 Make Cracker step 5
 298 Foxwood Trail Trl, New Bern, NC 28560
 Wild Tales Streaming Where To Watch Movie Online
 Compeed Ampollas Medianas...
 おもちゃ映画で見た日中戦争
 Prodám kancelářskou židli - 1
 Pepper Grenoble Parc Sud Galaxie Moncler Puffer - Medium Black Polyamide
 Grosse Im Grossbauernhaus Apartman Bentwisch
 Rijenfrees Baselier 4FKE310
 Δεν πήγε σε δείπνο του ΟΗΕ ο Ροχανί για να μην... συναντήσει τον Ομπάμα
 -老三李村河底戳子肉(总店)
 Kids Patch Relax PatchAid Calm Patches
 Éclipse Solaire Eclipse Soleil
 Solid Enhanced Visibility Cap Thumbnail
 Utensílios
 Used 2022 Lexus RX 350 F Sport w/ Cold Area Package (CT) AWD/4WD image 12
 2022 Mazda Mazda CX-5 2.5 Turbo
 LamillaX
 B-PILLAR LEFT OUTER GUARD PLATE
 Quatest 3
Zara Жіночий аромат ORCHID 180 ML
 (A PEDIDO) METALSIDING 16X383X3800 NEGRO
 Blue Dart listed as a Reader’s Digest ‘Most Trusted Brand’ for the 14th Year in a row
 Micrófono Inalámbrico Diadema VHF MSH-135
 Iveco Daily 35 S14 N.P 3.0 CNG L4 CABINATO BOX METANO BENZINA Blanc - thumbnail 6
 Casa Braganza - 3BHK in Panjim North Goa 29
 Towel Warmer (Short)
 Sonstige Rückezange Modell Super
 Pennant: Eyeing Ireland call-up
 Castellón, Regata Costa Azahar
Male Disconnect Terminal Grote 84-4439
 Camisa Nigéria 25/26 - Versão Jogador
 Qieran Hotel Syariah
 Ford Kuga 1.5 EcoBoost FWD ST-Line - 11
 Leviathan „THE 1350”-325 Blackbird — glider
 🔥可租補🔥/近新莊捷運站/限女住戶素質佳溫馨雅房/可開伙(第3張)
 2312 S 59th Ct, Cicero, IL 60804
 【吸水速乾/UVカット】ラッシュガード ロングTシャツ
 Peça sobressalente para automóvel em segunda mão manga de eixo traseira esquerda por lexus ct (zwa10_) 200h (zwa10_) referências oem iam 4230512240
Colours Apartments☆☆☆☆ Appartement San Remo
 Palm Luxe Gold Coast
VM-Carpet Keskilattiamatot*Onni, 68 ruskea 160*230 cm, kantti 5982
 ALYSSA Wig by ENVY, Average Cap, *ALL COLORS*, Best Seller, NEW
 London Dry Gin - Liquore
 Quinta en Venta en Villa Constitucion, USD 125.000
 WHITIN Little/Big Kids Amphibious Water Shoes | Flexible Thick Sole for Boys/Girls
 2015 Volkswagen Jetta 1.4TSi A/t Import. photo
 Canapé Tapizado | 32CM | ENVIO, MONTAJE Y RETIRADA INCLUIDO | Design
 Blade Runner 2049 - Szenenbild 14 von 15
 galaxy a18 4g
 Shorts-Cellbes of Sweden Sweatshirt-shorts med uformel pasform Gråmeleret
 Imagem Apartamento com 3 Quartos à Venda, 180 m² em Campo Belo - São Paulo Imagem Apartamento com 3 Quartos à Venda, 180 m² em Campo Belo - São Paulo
________________________
▶ **Exercise description**
Output nothing but the line containing "WHITIN Little/Big Kids" and each line after it in the entries above, exactly as written.

▶ **Reply**
 WHITIN Little/Big Kids Amphibious Water Shoes | Flexible Thick Sole for Boys/Girls
 2015 Volkswagen Jetta 1.4TSi A/t Import. photo
 Canapé Tapizado | 32CM | ENVIO, MONTAJE Y RETIRADA INCLUIDO | Design
 Blade Runner 2049 - Szenenbild 14 von 15
 galaxy a18 4g
 Shorts-Cellbes of Sweden Sweatshirt-shorts med uformel pasform Gråmeleret
 Imagem Apartamento com 3 Quartos à Venda, 180 m² em Campo Belo - São Paulo Imagem Apartamento com 3 Quartos à Venda, 180 m² em Campo Belo - São Paulo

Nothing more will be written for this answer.